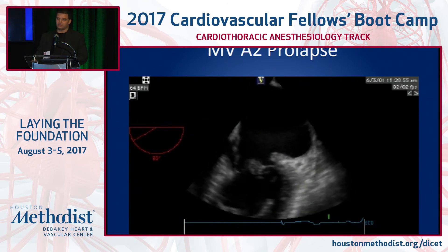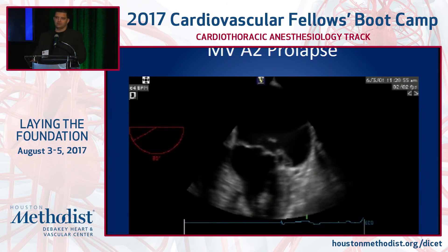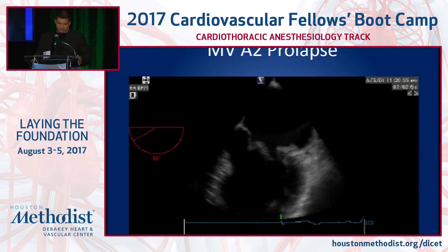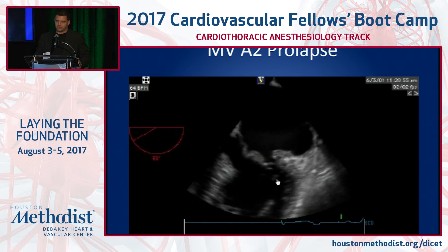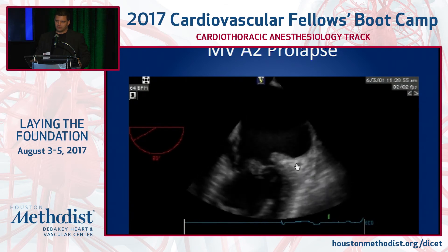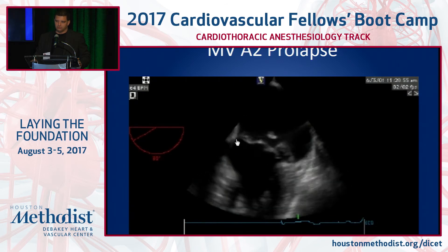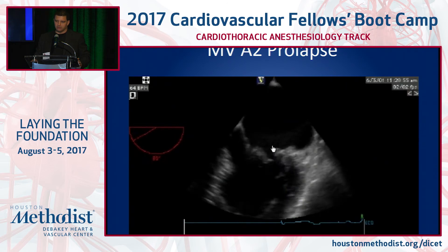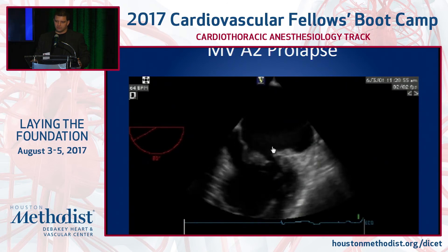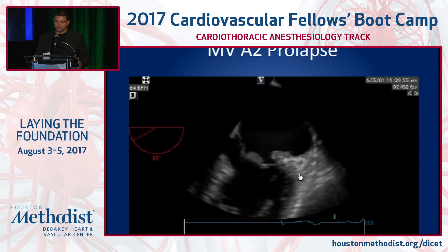As far as the mechanism of mitral regurgitation, this one is an A2 prolapse. It's a commissural view of the mitral valve — midesophageal commissural view. You're going to look at P1, A2, and P3 on this side. You can see a piece of the mitral valve coming up behind here. That's an A2 prolapse.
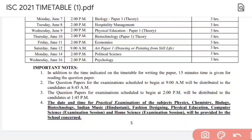The rules and regulations followed in CBSE and ICSE will be covered in a separate video. Till then, stay tuned. If you have any doubts you can ask in the comments section. Please like this video, share it, and join our Telegram group — the link is in the description box. Thank you so much for watching.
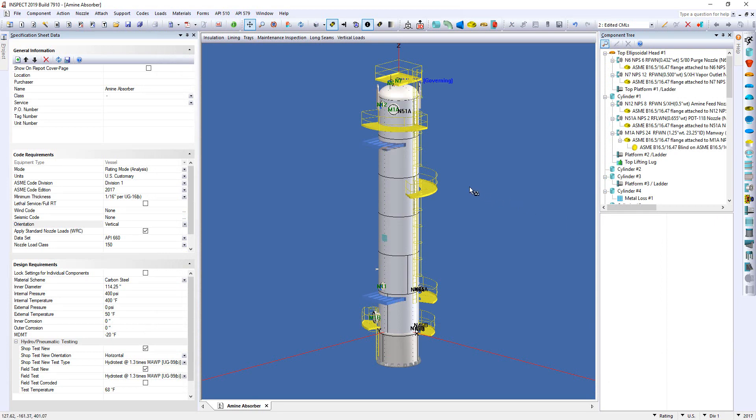So by simply applying that NBIC 3.4, you can actually extend the life of your vessel if you meet the criteria I listed before by taking advantage of the higher allowable stresses. So that's how in InSpec we can extend the life of older vessels by taking advantage of modern allowable stress values.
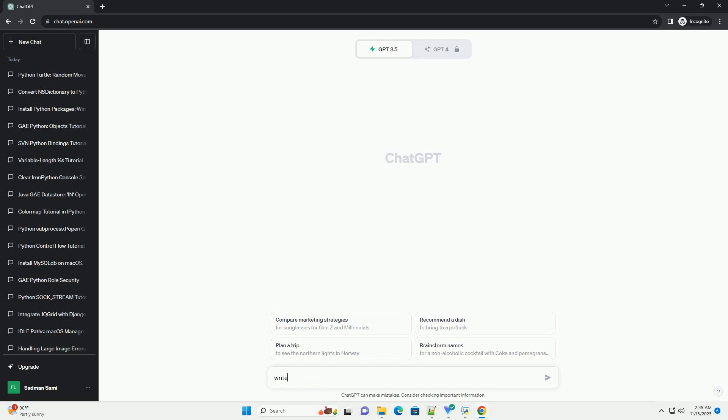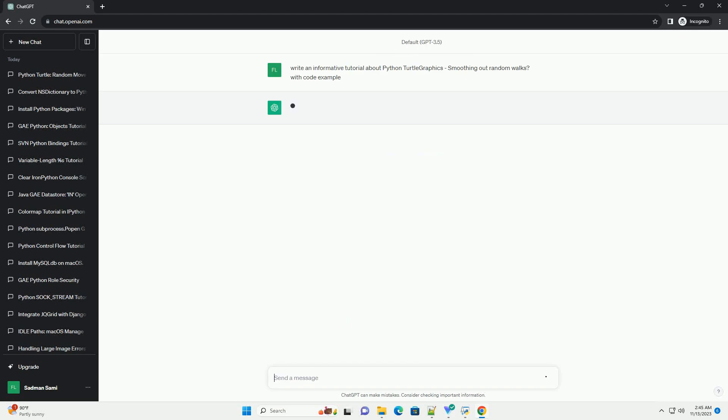Please subscribe and you can download this code from the description below. Smoothing Out Random Walks in Python Turtle Graphics.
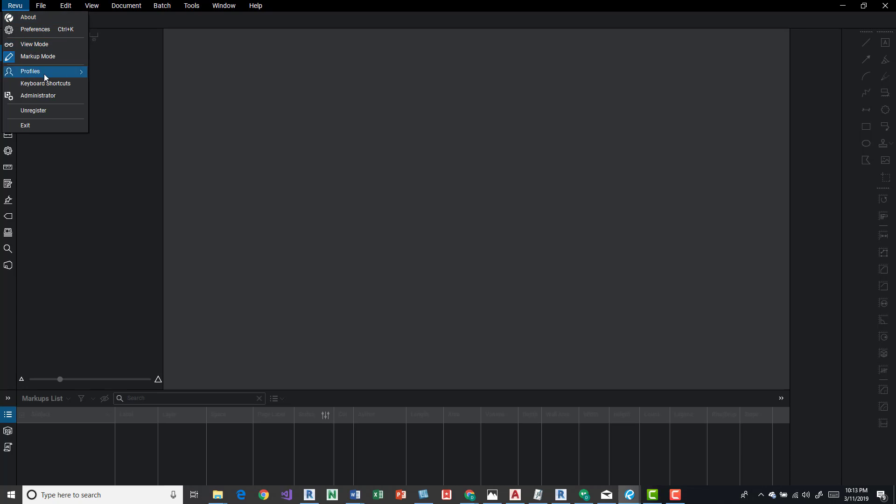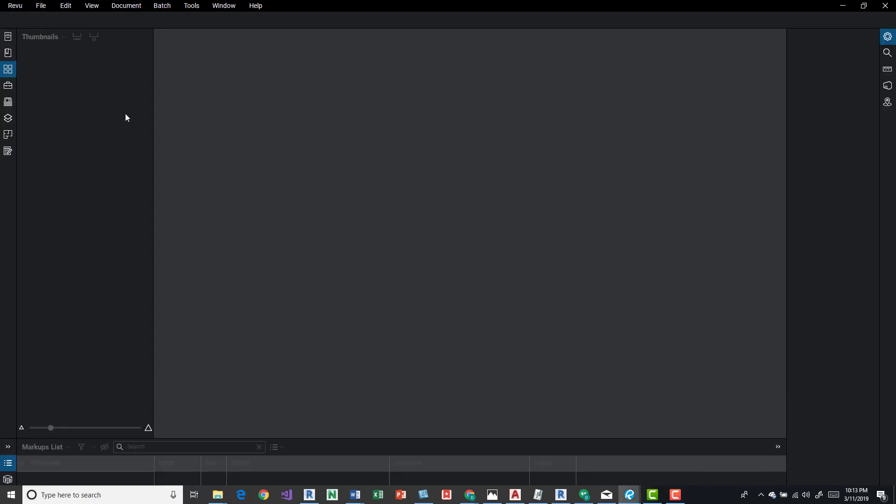Come back up here. You'll see that Quantity Takeoff is checked. If I want something like Advanced, click on it. The menu drops and the interface changes a little bit. So this doesn't look very advanced though.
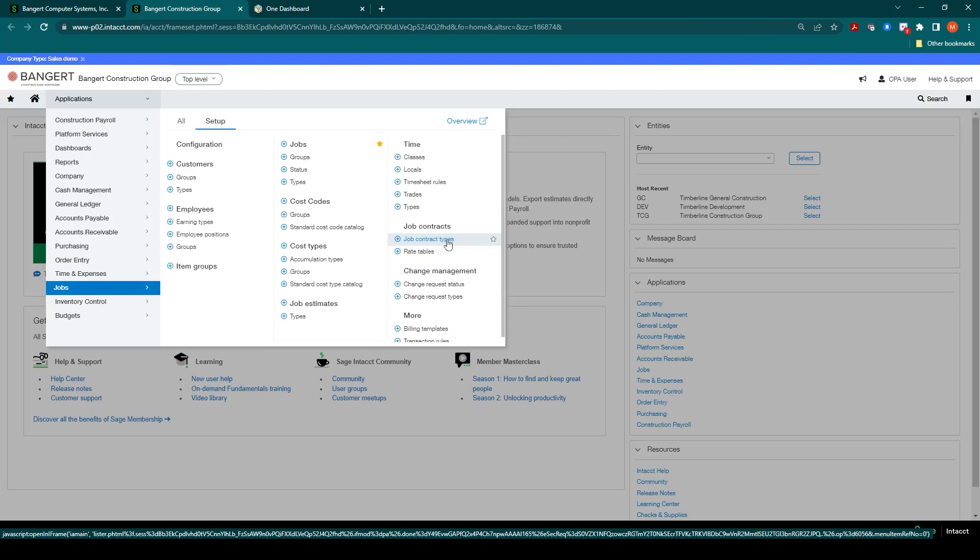For time and material contracts, you will be able to create rate tables and apply them to the individual contracts as needed. These markups and rates can be based on various items like inventory items, standard cost codes, or cost types. You can also apply separate start and end dates to these tables to reflect price increases as needed.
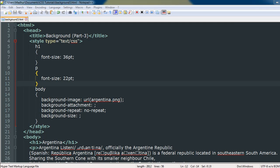Hello guys, welcome to my channel. This is the 16th tutorial in this course, and in this tutorial we are going to wrap up our discussion on background properties in CSS.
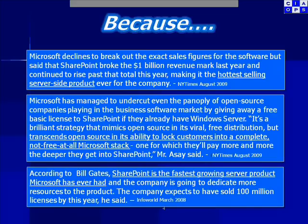With new versions becoming available, with more and more people finding out the benefits of SharePoint, with versions being available online via Microsoft BPOS, for example, it's only going to continue to grow.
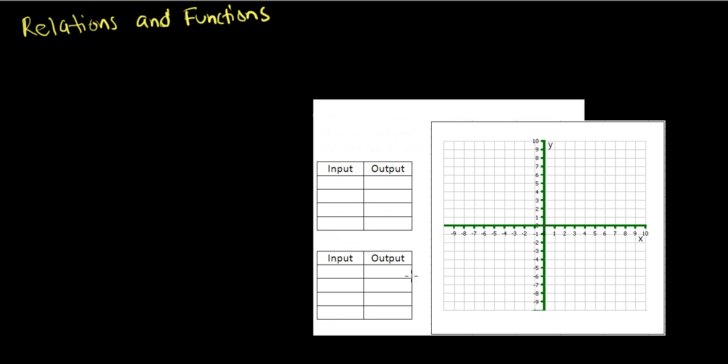In this section we're going to be looking at relations and functions. Relationships can also be represented by a set of ordered pairs called a relation. We're going to look at an example of three ways in which we can represent relations.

___

* What you should do: A verbatim copy of the data, pictures removed, is the expected result.

* Answer:
As far as the mechanism of mitral regurgitation, this one is an A2 prolapse. It's a commissural view of the mitral valve — midesophageal commissural view. You're going to look at P1, A2, and P3 on this side. You can see a piece of the mitral valve coming up behind here. That's an A2 prolapse.
The rules and regulations followed in CBSE and ICSE will be covered in a separate video. Till then, stay tuned. If you have any doubts you can ask in the comments section. Please like this video, share it, and join our Telegram group — the link is in the description box. Thank you so much for watching.
So by simply applying that NBIC 3.4, you can actually extend the life of your vessel if you meet the criteria I listed before by taking advantage of the higher allowable stresses. So that's how in InSpec we can extend the life of older vessels by taking advantage of modern allowable stress values.
Please subscribe and you can download this code from the description below. Smoothing Out Random Walks in Python Turtle Graphics.
Come back up here. You'll see that Quantity Takeoff is checked. If I want something like Advanced, click on it. The menu drops and the interface changes a little bit. So this doesn't look very advanced though.
For time and material contracts, you will be able to create rate tables and apply them to the individual contracts as needed. These markups and rates can be based on various items like inventory items, standard cost codes, or cost types. You can also apply separate start and end dates to these tables to reflect price increases as needed.
Hello guys, welcome to my channel. This is the 16th tutorial in this course, and in this tutorial we are going to wrap up our discussion on background properties in CSS.
With new versions becoming available, with more and more people finding out the benefits of SharePoint, with versions being available online via Microsoft BPOS, for example, it's only going to continue to grow.
In this section we're going to be looking at relations and functions. Relationships can also be represented by a set of ordered pairs called a relation. We're going to look at an example of three ways in which we can represent relations.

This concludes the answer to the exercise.